Dataset excerpt section start

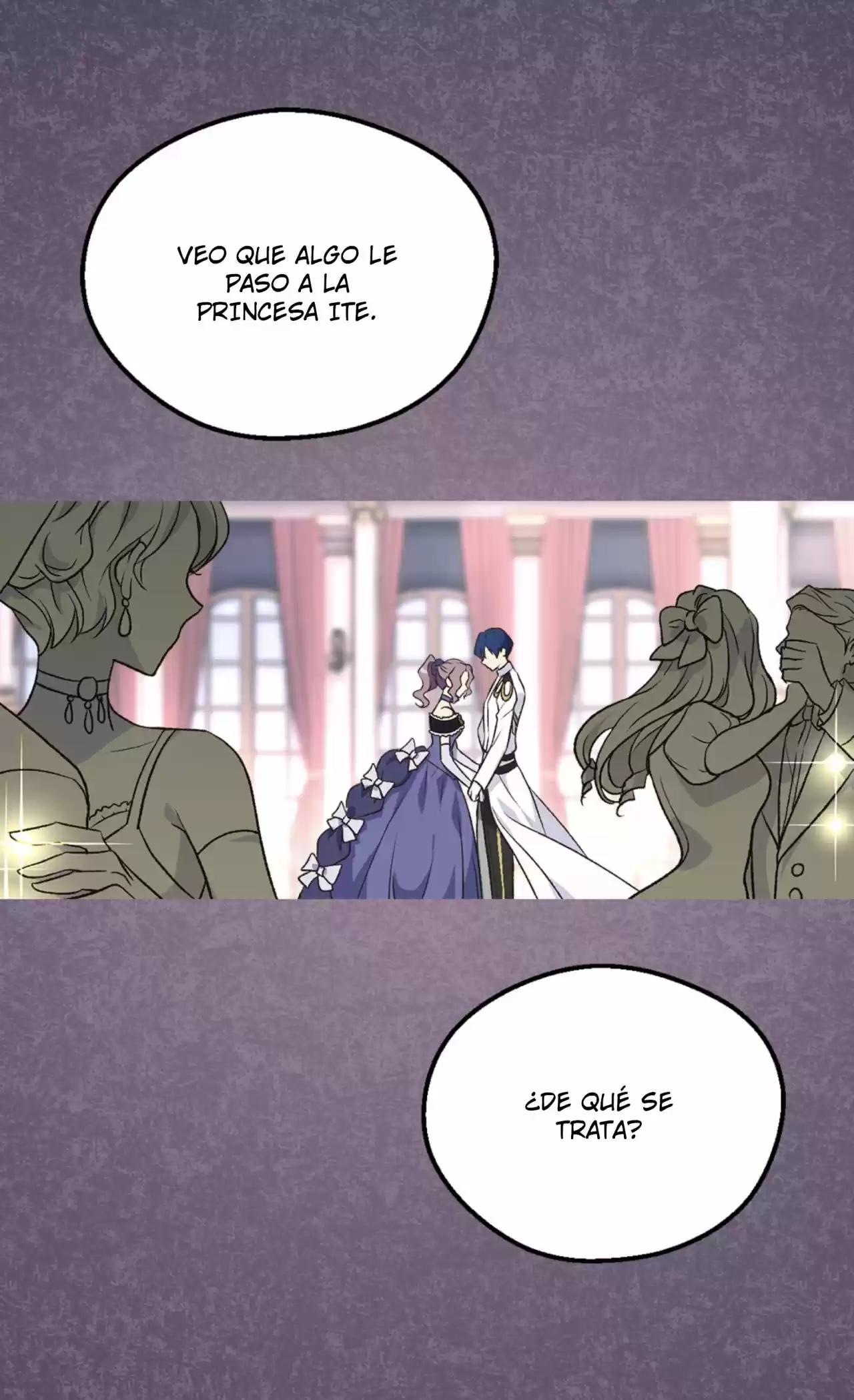 LA EMPERATRIZ ABANDONADA - Capítulo 91 - Página 46 - LectorTMOo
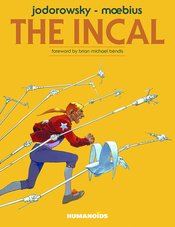 (USE SEP248396) INCAL HC NEW PTG (MR)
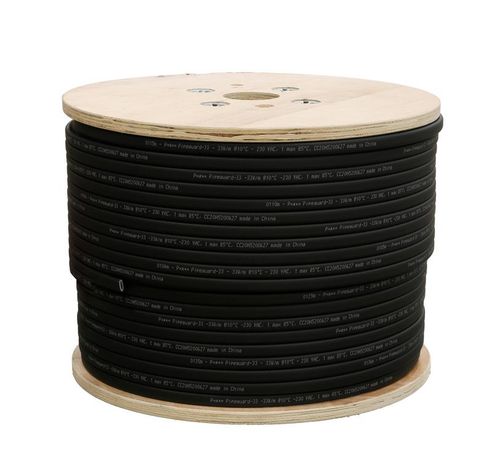 Кабель нагревательный саморег. Pipeguard-33 (В) 230В 300м Ридан 21RT0814R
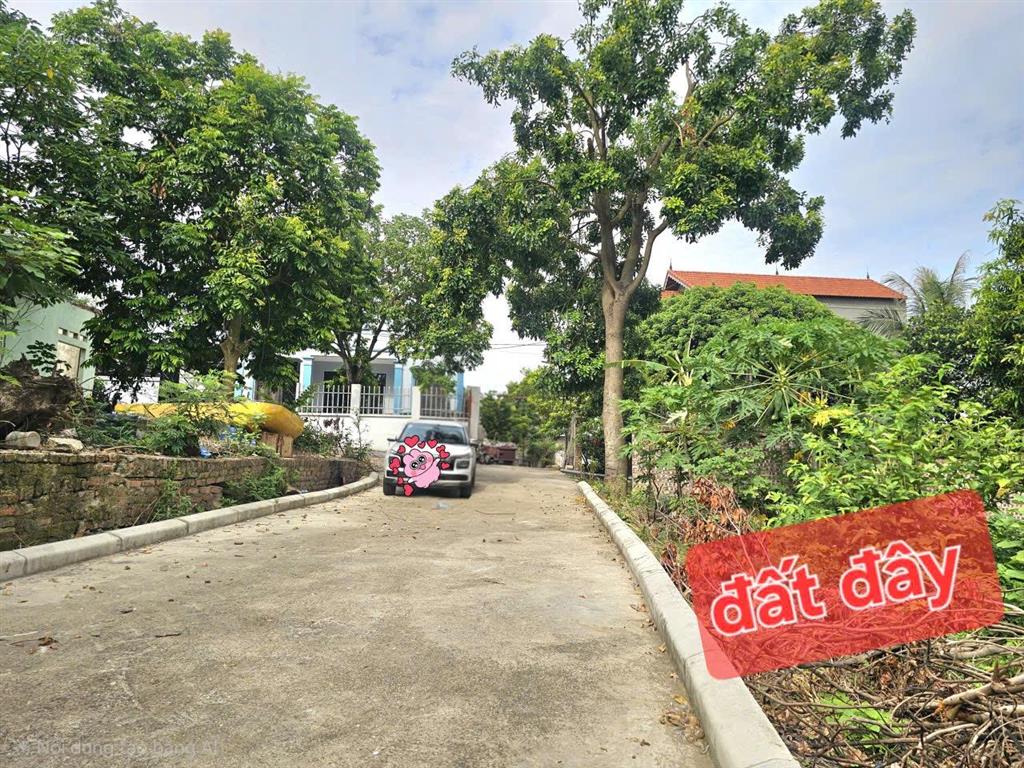Bất động sản tại Vĩnh Phúc - ảnh 1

Dataset excerpt section end

_Problem:_
Print the material again word for word. Please drop every picture.

_Result:_
 LA EMPERATRIZ ABANDONADA - Capítulo 91 - Página 46 - LectorTMOo
 (USE SEP248396) INCAL HC NEW PTG (MR)
 Кабель нагревательный саморег. Pipeguard-33 (В) 230В 300м Ридан 21RT0814R
Bất động sản tại Vĩnh Phúc - ảnh 1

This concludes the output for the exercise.